As has been the case for several years, GM’s financial profile remains very solid (effectively exceeding levels commensurate with the assigned ratings), with the automotive operations having a net cash position $11.5 billion as of December 31, 2015, and concurrent available liquidity of $32.5 billion. While dividends and share repurchases have increased sharply in recent years (with the Company having announced the intention to repurchase an additional $5.5 billion of shares through year-end 2017), DBRS notes that such outlays are readily enabled by GM’s sizable liquidity and consistent cash flow generation.
The Company’s solid financial profile amid anticipated ongoing strong earnings in North America render a downgrade somewhat improbable. Conversely, future positive rating actions would likely be predicated upon additional gains in GM’s international operations such that they would represent a meaningful proportion of total automotive profit, although the sizable headwinds in various emerging markets (that are currently expected to persist in the immediate term) serve to undermine the Company’s ongoing efforts.
Notes:
All figures are in U.S. dollars unless otherwise noted.
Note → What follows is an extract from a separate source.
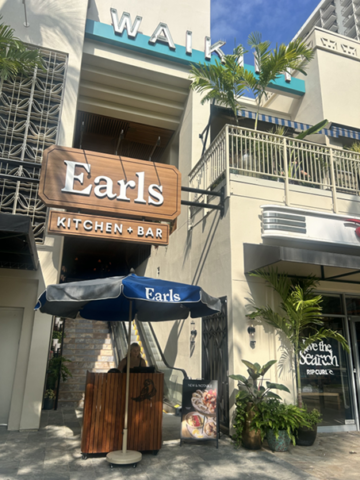 Earls Kitchen + Bar　外観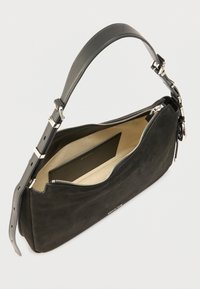 Fekete velúr válltáska sima textúrával, ezüst cipzárral és kontrasztos bézs belsővel. Állítható bőrpánt.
The related regulatory disclosures pursuant to the National Instrument 25-101 Designated Rating Organizations are hereby incorporated by reference and can be found by clicking on the link to the right under Related Research or by contacting us at info@dbrs.com.
This rating is endorsed by DBRS Ratings Limited for use in the European Union.
The applicable methodologies are Rating Companies in the Automotive Manufacturing Industry and Global Methodology for Rating Finance Companies, which can be found on our website under Methodologies.